= Hash consing =

Technique in functional programming

In computer science, particularly in functional programming, hash consing is a technique used to share values that are structurally equal. When a value is constructed, such as a cons cell, the technique checks if such a value has been constructed before, and if so reuses the previous value, avoiding a new memory allocation. A useful property of hash consing is that two structures can be tested for equality in constant time via pointer equality, which in turn can improve efficiency of divide and conquer algorithms when data sets contain overlapping blocks. Hash consing has been shown to give dramatic performance improvements—both space and time—for symbolic and dynamic programming algorithms.
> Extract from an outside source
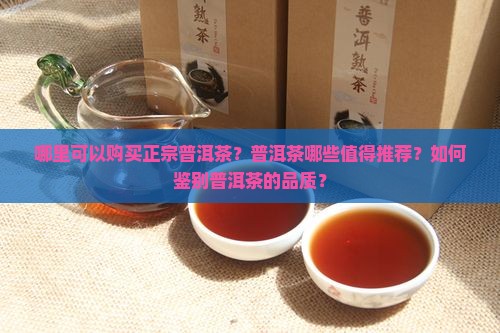 哪里可以购买正宗普洱茶？普洱茶哪些值得推荐？如何鉴别普洱茶的品质？
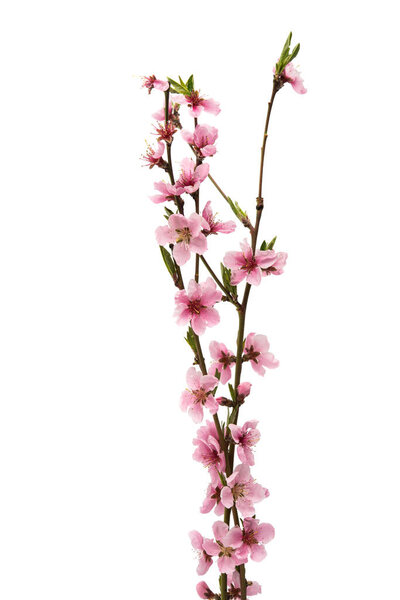 Цветок сакуры, цветы сакуры изолированы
Hash consing is most commonly implemented with hash tables storing weak references that may be garbage-collected when the data stored therein contains no references from outside the table.

==Example==

The following is a simple (though inefficient) demonstration of a memoizer by means of hash table and weak references in Scheme. The bwp-object function returns true if the reference given is a broken weak pointer, i.e., the target has been garbage-collected.

  - weak hashes
(require 'hash-table)

(define (make-weak-table . args)
  (apply make-hash-table args))

(define (weak-table-set! table key data)
  (let ((w (hash-table-ref table key #f)))
    (if w
        (vector-set! w 0 data)
      (let ((w (make-weak-vector 1)))
        (vector-set! w 0 data)
        (hash-table-set! table key w)))))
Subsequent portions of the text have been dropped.